Certainly one could add a .readonly field or some such to storage data
items, or even fully fledged ACL APIs, but I don't think that should
be available in a first version, and I'm not sure it's really useful
in later versions 

Re: [whatwg] Persistent storage is critically flawed.

2006-08-28 Thread Jim Ley

On 28/08/06, Shannon Baker [EMAIL PROTECTED] wrote:

I accept tracking is inevitable but we
shouldn't be making it easier either.


You have to remember that the WHAT-WG individual is a Google employee,
a company that now relies on accurate tracking of details, so don't be
surprised that any proposal makes tracking easier and harder to
circumvent.

It's probably a design requirement, of course like all WHAT-WG stuff,
there is no explanation of the problems that are attempting to be
solved with any of the stuff, so it's impossible to really know.

Jim.


Re: [whatwg] Persistent storage is critically flawed.

2006-08-28 Thread Martijn

On 8/28/06, Jim Ley [EMAIL PROTECTED] wrote:

On 28/08/06, Shannon Baker [EMAIL PROTECTED] wrote:
 I accept tracking is inevitable but we
 shouldn't be making it easier either.

You have to remember that the WHAT-WG individual is a Google employee,
a company that now relies on accurate tracking of details, so don't be
surprised that any proposal makes tracking easier and harder to
circumvent.


Well, if the WHAT-WG individual wasn't a Google employee, but an
employee from Microsoft or Mozilla or Opera or any random government,
would that change the above text? I don't think so. So I don't think
that text is implying much, otherwise than there aren't very much
'neutral' organizations involved in writing specifications for the
web.


It's probably a design requirement, of course like all WHAT-WG stuff,
there is no explanation of the problems that are attempting to be
solved with any of the stuff, so it's impossible to really know.


From:
http://www.whatwg.org/specs/web-apps/current-work/#introduction2

The first is designed for scenarios where the user is carrying out a
single transaction, but could be carrying out multiple transactions in
different windows at the same time.

Cookies don't really handle this case well. For example, a user could
be buying plane tickets in two different windows, using the same site.
If the site used cookies to keep track of which ticket the user was
buying, then as the user clicked from page to page in both windows,
the ticket currently being purchased would leak from one window to
the other, potentially causing the user to buy two tickets for the
same flight without really noticing.


and:

The second storage mechanism is designed for storage that spans
multiple windows, and lasts beyond the current session. In particular,
Web applications may wish to store megabytes of user data, such as
entire user-authored documents or a user's mailbox, on the clientside
for performance reasons.

Again, cookies do not handle this case well, because they are
transmitted with every request.


That seem to me two use cases of  problems that are attempting to be
solved, not?

Regards,
Martijn


Jim.



Re: [whatwg] Persistent storage is critically flawed.
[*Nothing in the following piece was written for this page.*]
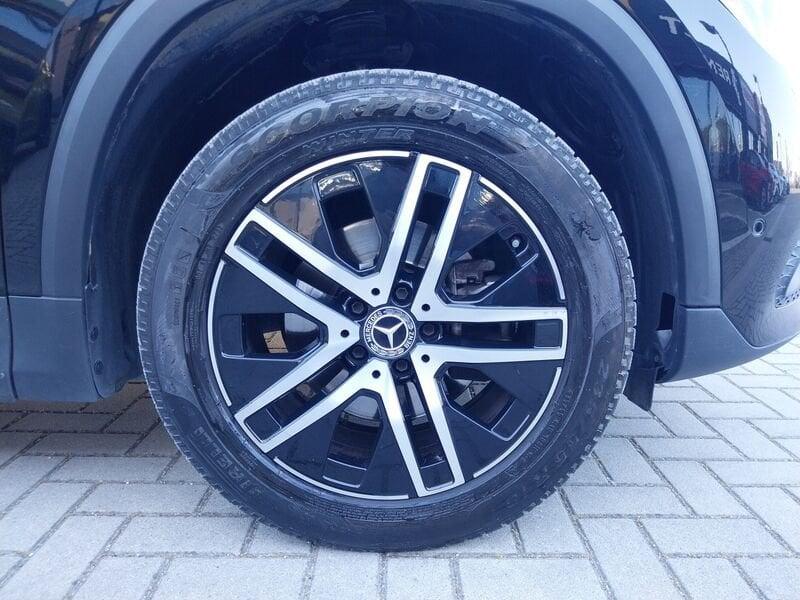 Mercedes-Benz GLA GLA 180 d Automatic Sport Plus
2006-08-28 Thread Ian Hickson
On Mon, 28 Aug 2006, Shannon Baker wrote:
  
  This is mentioned in the Security and privacy section; the third 
  bullet point here for example suggests blocking access to public 
  storage areas:
  
http://whatwg.org/specs/web-apps/current-work/#user-tracking
 
 I did read the suggestions and I know the authors have given these 
 issues thought. However, my concern is that the solutions are all 
 'suggestions' rather than rules. I believe the standard should be more 
 definitive to eliminate the potential for browser inconsistencies.

The problem is that the solution is to use a list that doesn't exist yet. 
If the list existed and was firmly established and proved usable, then we 
could require its use, but since it is still being developed (by the 
people trying to implement the Storage APIs), we can't really require it.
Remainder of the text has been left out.